Roger’s work connected story to cognition. He first saw how we had expectations about events owing to his experience at a restaurant with an unusual approach. At Legal Seafoods (at the time) you paid before being served (more like fast food than a sit-down venue). Surprised, Roger realized that there must be cognitive structures for events that were similar to the proposed schemas for things. He investigated the phenomena computationally, advancing artificial intelligence and cognitive science. Roger subsequently applied his thinking to education, writing Engines for Education (amongst other works), while leading a variety of efforts in using technology to support learning. He also railed against AI hype, accurately of course. I was a fan.
I heard Roger speak at a Cog Sci conference I attended to present part of my dissertation research. The controversy around his presentation caused the guest speaker, Stephen Jay Gould, to comment “you guys are weird”! His reputation preceded him; I had one of his PhD graduates on a team and he told me Roger was deliberately tough on them, saying “if you can survive me, you can survive anyone”.

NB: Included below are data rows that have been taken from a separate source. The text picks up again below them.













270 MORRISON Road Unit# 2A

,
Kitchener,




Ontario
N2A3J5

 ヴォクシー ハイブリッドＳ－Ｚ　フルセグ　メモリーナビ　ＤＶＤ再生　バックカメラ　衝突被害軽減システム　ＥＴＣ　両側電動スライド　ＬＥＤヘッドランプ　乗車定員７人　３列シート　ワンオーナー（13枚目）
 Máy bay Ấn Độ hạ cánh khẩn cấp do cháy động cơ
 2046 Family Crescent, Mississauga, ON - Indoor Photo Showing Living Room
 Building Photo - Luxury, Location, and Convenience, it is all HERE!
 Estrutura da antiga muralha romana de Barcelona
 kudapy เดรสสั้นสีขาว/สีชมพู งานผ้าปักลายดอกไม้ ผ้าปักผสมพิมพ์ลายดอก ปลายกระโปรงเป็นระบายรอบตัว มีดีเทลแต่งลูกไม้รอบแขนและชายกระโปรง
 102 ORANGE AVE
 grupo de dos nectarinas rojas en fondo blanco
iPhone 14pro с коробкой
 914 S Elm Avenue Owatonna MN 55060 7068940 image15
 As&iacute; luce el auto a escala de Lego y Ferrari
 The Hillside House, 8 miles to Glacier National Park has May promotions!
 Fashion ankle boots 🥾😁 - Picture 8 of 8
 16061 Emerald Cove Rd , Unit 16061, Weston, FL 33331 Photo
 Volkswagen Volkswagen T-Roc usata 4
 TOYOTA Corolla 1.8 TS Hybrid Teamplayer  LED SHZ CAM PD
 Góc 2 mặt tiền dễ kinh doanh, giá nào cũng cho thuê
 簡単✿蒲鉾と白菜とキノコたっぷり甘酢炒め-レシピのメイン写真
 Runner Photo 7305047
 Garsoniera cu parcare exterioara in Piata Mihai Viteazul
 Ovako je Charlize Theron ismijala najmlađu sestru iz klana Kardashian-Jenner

I subsequently met up with Roger at several EdTech events hither and yon. In each he was his fiery, uncompromising self. Yet, he was also right. He was a bit of a contradiction: opinionated and unabashed, but also generous and committed to meaningful change. He also was a prodigious intellect; if you were as smart as him, I guess you had a reason to be self-confident. I got to know him a bit personally at those events, and then when he engaged me for advice to his company. He occasionally would reach out for advice, and always offer the same.
He could be irritating in his deliberate lack of social graces, but he was willing to learn, and had a good heart. In return, I learned a lot from him, and use some of his examples in my presentations. It was an honor to have known him, and the world will be a little duller, and probably a little dumber, without him. Rest in peace.